** Opening Dataset excerpts block **

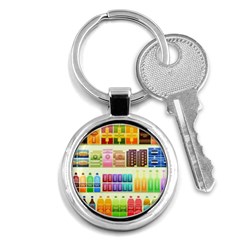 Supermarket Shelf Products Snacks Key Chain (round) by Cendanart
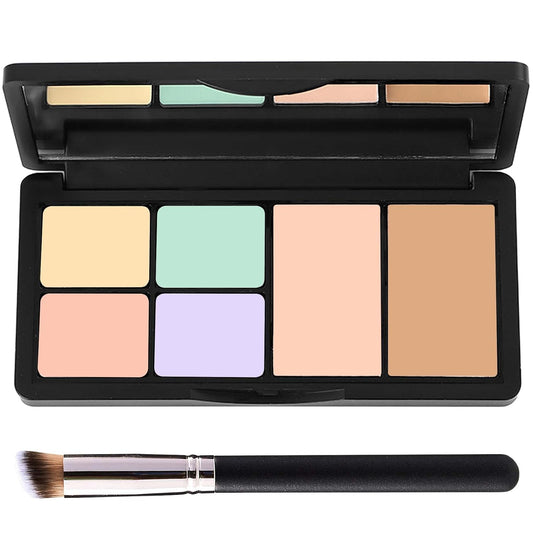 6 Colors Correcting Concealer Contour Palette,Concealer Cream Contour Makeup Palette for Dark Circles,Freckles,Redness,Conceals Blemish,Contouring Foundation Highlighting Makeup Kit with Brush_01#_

** Closing Dataset excerpts block **
** Opening Dataset excerpts block **

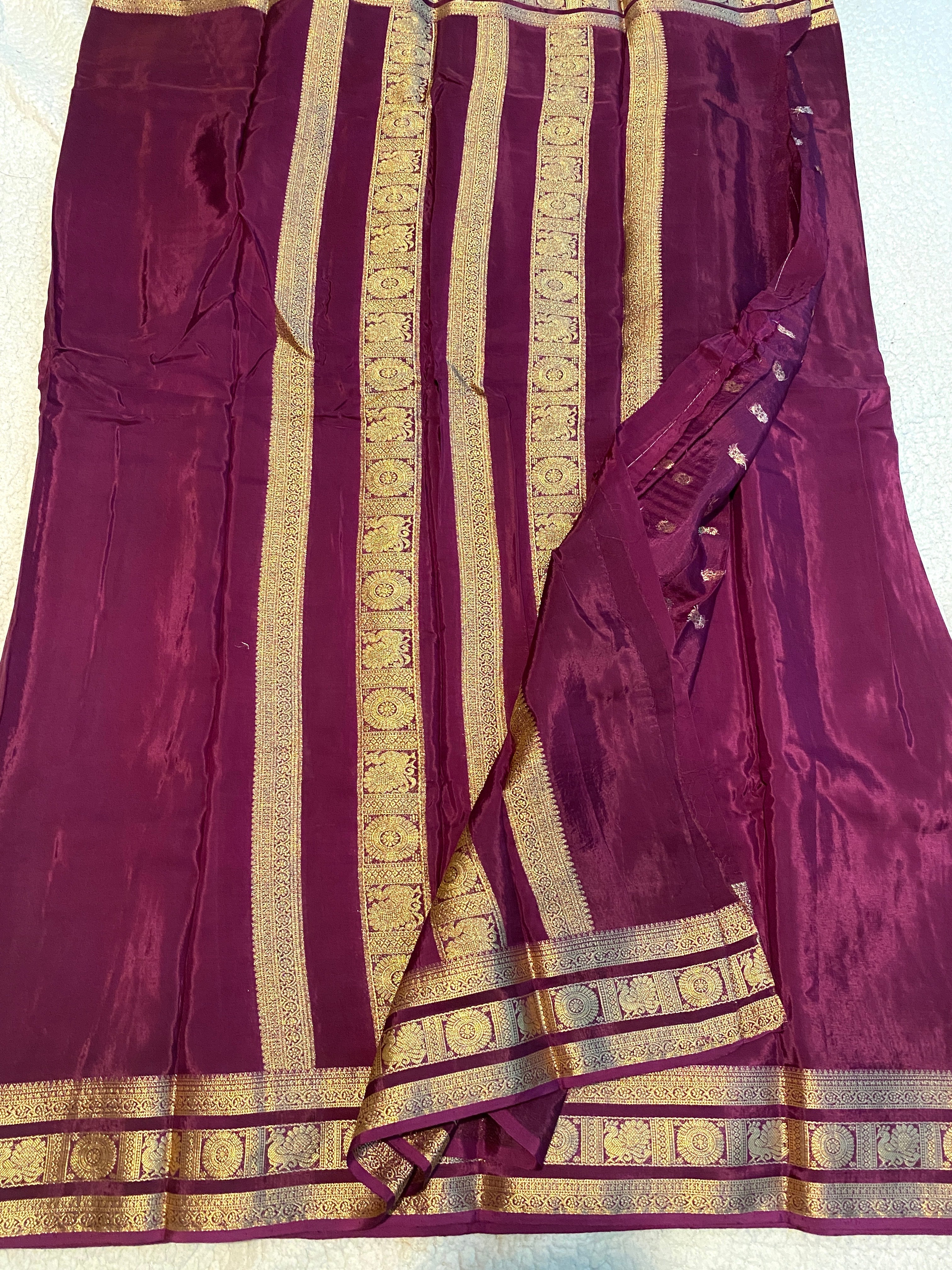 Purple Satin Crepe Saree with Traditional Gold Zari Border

** Closing Dataset excerpts block **

# How to complete this task
Using the entries above, transcribe exactly from the line that has "Supermarket Shelf Products" through the line that has "6 Colors Correcting". Pictures are dropped.

# Response for this exercise
 Supermarket Shelf Products Snacks Key Chain (round) by Cendanart
 6 Colors Correcting Concealer Contour Palette,Concealer Cream Contour Makeup Palette for Dark Circles,Freckles,Redness,Conceals Blemish,Contouring Foundation Highlighting Makeup Kit with Brush_01#_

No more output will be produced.